Dahası TEKEL direnişi, Anayasa değişikliği, 26 Mayıs ve yaklaşmakta olan genel seçimler gibi başlıklarda kafayı dik tutup belli mevziler kazanmayan bir solun 1 Mayıs'ta yalnızca kendi kalesini korumakla yetindiği ortaya çıkacaktır.

Bu bağlamda 1 Mayıs'ın ayrıştırıcı özelliklerinden yararlanıp, verdiği morali gerçek bir enerjiye dönüştürüp kollar sıvanmalıdır.

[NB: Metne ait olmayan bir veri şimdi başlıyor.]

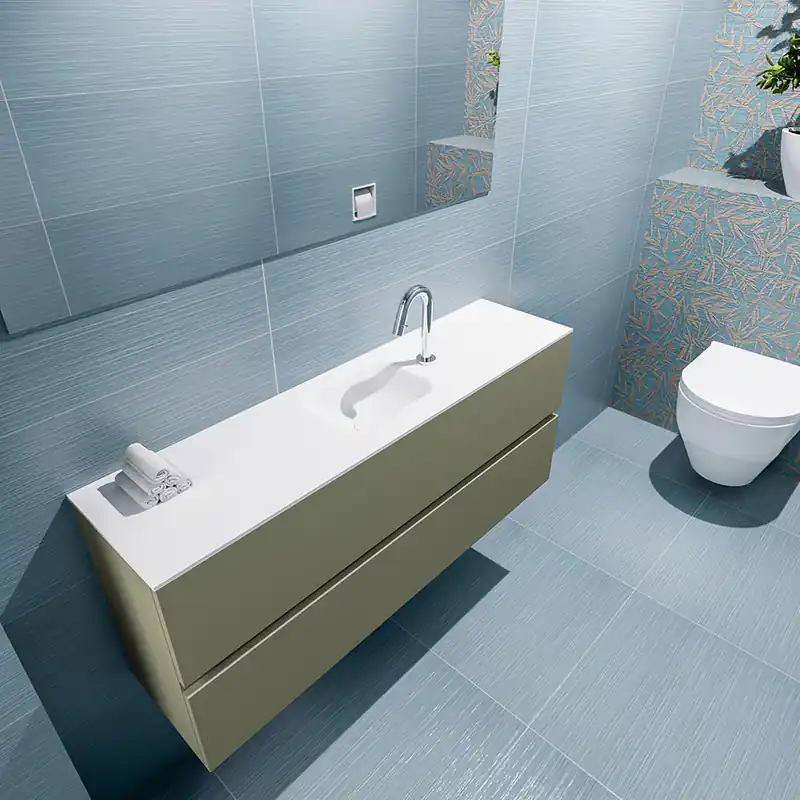 Flitsaanbieding Mondiaz Ada 120cm toiletmeubel army met wastafel talc midden 1 kraangat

AKP'nin temsil ettiği zihniyetin AKP'den ibaret olmadığını, Türkiye'nin bir dönüşüm sürecine sokulduğunu, bu dönüşüm sürecinin aynı zamanda bütün burjuva aktörleri de dönüştürdüğünü, dönüşmeyenlerin ıskartaya çıkarıldığını, düzen içi mekanizmalarla AKP'nin zayıflatılması ya da düşürülmesinin emekçi sınıflara hiçbir hayrının dokunmayacağını daha önce yazmıştım.

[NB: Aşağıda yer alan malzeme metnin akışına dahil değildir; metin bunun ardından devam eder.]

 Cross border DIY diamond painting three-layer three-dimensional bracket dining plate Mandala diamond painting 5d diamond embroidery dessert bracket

Anayasa değişiklik paketinin Meclis'te oylanması sırasında ortaya çıkan görüntüler düzen cephesinde olup bitenlerin Türkiye'nin kaderini etkileme açısından önem yitirmeye başladığının kanıtıdır. Maddelerden birinin düşmesinin ardından muhalefet parti vekillerinin "milli kurtuluş" ilan ederek birbirlerini kucaklaması, AKP'li Burhan Kuzu'nun "yılgınlık yok direniş var" diye slogan atmaya başlaması, Ufuk Uras'ın belki de bu sloganı duyarak telaş içinde AKP'ye "tüm sosyalistler adına" desteğini sunması, sonraki maddelerin geçmesi üzerine hükümet partisinin yöneticilerinin gözyaşlarını tutamaması, ülkemizin sokulduğu rotayı değiştirme ya da etkileme yeteneğini yitirmiş değersizleşen aktörlerin yarattığı görüntü kirliliğinden ibarettir.

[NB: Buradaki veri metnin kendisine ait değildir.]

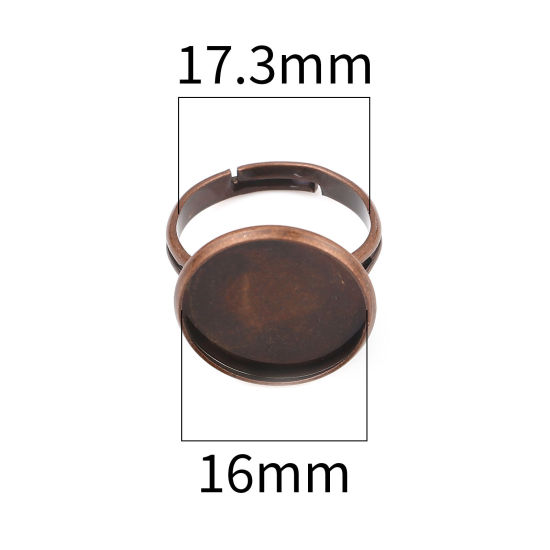 真鍮 カボションセッティング リング 指輪 円形 赤銅色 台座付 (適応サイズ: 16mm） 17.3mm（日本サイズ約14号）、 10 個                                                                                                                                                                                         の画像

Burjuvazinin tercihi emekçi sınıfların doğrudan ya da dolaylı tarihsel kazanımlarının bütünüyle tasfiye edildiği bir Türkiye'dir. Düzen içindeki hesaplaşma ya da kilitlenme, ne diyecekseniz deyin, bunu değiştirmeyecektir.

Gericileşme ve bağımlılığın güçlendirilmesi, özelleştirme süreci ile, işçi ücretlerinin geriletilmesi ile, esnek üretim faşizmi ile yakından alakalıdır.

Yunanistan'da somut kazanımlarına el uzatılan işçi sınıfının çok sert bir direniş göstermesinin nedeni yalnızca bu ülkede sınıf hareketinin geleneksel diriliği değil, sermaye sınıfının bu saldırılara ideolojik destek sunamaması ve tarihsel referanslara dokunamamasıdır da.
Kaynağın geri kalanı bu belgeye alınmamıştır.